ABOUT THIS EXERCISE → Look over the entries and say how many lines include the word "Chart". Only the number, please.

RECORDS FOR PROCESSING →
╔══
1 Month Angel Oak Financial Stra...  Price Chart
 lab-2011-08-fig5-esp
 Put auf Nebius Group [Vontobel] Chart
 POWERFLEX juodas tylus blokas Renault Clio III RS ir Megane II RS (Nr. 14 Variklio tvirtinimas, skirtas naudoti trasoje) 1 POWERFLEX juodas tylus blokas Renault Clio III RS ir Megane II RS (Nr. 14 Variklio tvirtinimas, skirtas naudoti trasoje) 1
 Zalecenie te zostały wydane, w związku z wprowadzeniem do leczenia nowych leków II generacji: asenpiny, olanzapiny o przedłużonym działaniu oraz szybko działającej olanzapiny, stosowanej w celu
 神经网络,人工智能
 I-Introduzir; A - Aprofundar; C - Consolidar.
╚══
RESPONSE TO THIS EXERCISE → 2